The Red Wings won’t go winless
The Red Wings ended an 0-5-2 streak — their longest-ever winless stretch to start a season — when Gustav Nyquist scored in overtime to give them a 4-3 victory Saturday over the host Florida Panthers. They were the last NHL team to earn a victory this season, and they did it by erasing a two-goal deficit. “The Red Wings a week ago would have drooped down on the bench and the energy would have been terrible on our bench,” forward Dylan Larkin told the Detroit Free Press. “It wasn’t like that. We battled. Power play came up huge. It was good to see us gut one out.” The Red Wings are still rebuilding after two straight non-playoff finishes, and the road will be a long one.
Coach is bullish on Predators
It’s not every day an NHL coach attends a postgame news conference wearing a massive bull mask, but a bet is a bet to Nashville’s Peter Laviolette. “Making good on a deal with the players that I had,” he said when asked why he wore the mask after the Predators’ 3-0 victory at Edmonton on Saturday. “We had a challenge to come into Western Canada against two good hockey teams, take four points, and this is the back end of the challenge. It was going to be a tough trip. We threw it out to the players,” as to what his end of the deal would be. It’s related to a bull named Bushwacker, a three-time Professional Bull Riders world champion, and his record of 42 straight buckoffs. Really. In any case, the Predators (7-1-0) have won five straight games, the NHL’s longest active win streak, despite losing goaltender Pekka Rinne to an undisclosed injury Friday. Juuse Saros finished that game and had a 31-save shutout the next day at Edmonton, helping Nashville became the first team to hold Oilers forward Connor McDavid scoreless this season.
The Sabres are making progress
It has been a bleak few years — OK, a bleak decade — for the Buffalo Sabres, who have missed the playoffs seven straight seasons, but they’re stirring. After starting a trip of three games in four days with a loss at San Jose, they bounced back to dominate the Kings in a 5-1 win Saturday and followed that with a resilient 4-2 victory over the Ducks at Anaheim on Sunday. The Sabres fell behind 2-0 early in the second period Sunday but felt they’d been playing well and resisted the temptation to change their game, believing they’d eventually be rewarded. They were. “We knew that we were controlling the play. We had the edge,” forward Kyle Okposo said. “We just kept going.”

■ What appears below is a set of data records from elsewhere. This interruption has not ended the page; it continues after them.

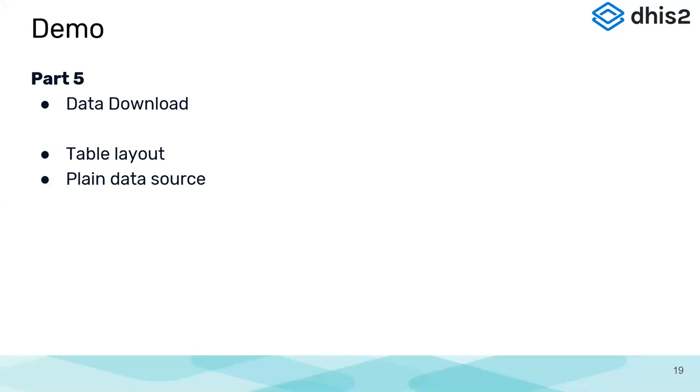The use of this plain data source is you can use that in other statistical packages, like SPSS or STATA, where you can open these plain data sources and do further analysis.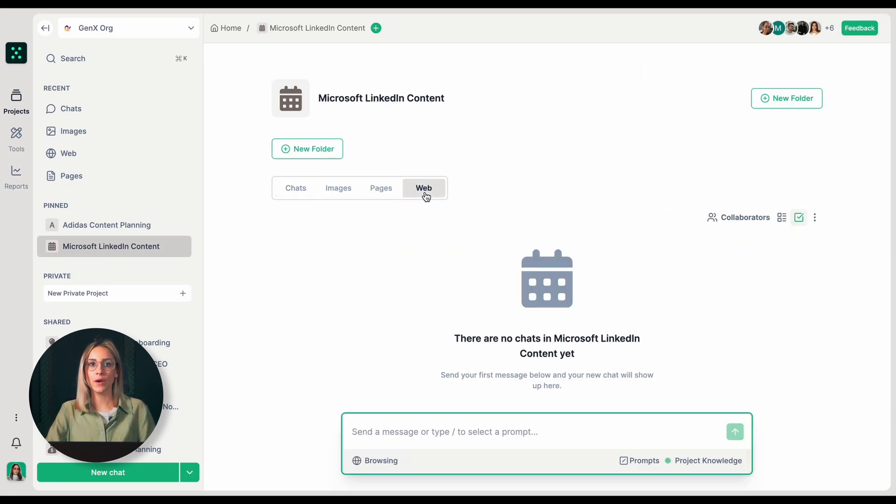Next, I'll click on web. Web browsing allows me to search the internet in real time without leaving TeamGPT. I will research trending business topics and hashtags related to AI to ensure our content is timely and relevant to current conversations.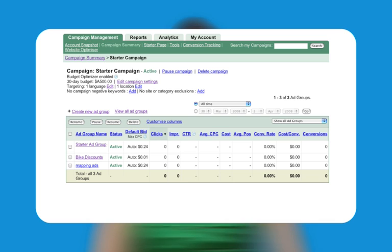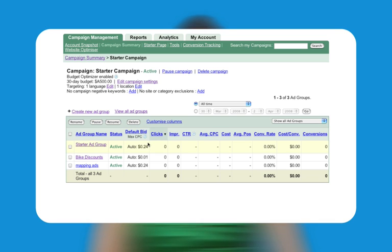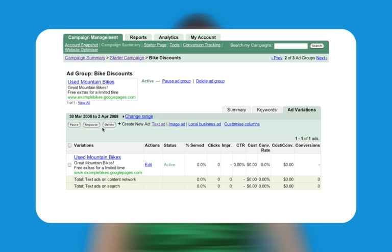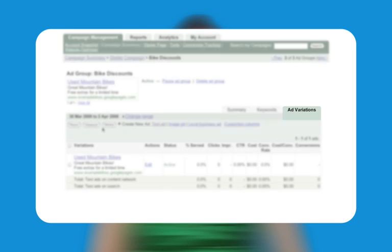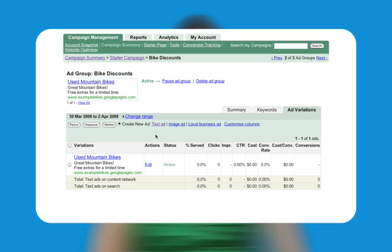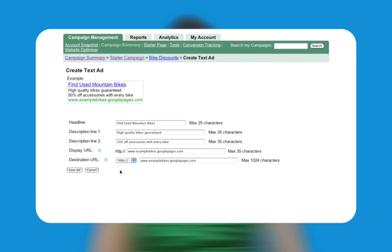Then, choose the campaign that contains the ad group you want to edit. Next, click on the appropriate ad group and select the ad variations tab. At the top of the ad table, click on text ad next to where it says create new ad. Enter information for each one of the fields and then click save.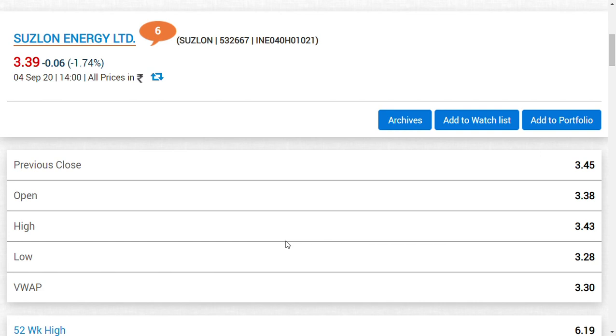If you liked this video, then make sure you click the subscribe button so that you can see all the latest updates on this card as well as on Suzlon Energy Limited. Thank you, friends.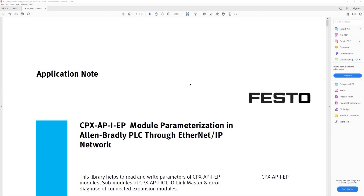An application note is available on this topic with complete and detailed instructions. Find it on the Festo homepage.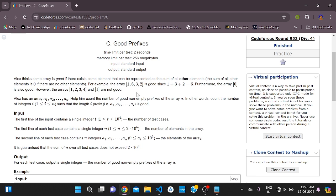Basically, Alex defines a good array as one where the sum of all elements except one should be equal to that remaining element. Alex has an array, and you need to help him count the number of good non-empty prefixes — in other words, count the number of integers i such that the length-i prefix is good.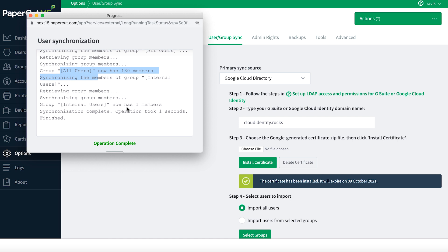From an end user perspective, the end user walks up to any multi-function printer and they type in Google credentials to release the print jobs. When they type in the Google credentials, Papercut takes that credentials and authenticates with Secure LDAP before letting the user release the print jobs.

The Golden Knights are shining again
After reaching the Stanley Cup Final in their first season, it figured that the Vegas Golden Knights had nowhere to go but down. And when they won only one of their first five games this season, their feel-good story appeared to be over. But as they proved during their remarkable debut season, they have the depth, speed, goaltending and pride to succeed. They’ve built a three-game winning streak by shutting out Philadelphia and allowing one goal each to Buffalo and to the Ducks, getting contributions from fourth-liners and top-tier players in much the same way they did last season. In addition, the Golden Knights (4-4-0) took another step to keep their young core together by signing winger Alex Tuch to a seven-year extension worth $33.25 million. Other teams have tried to replicate their speed and roll-four-lines strategy but Vegas is still doing it well.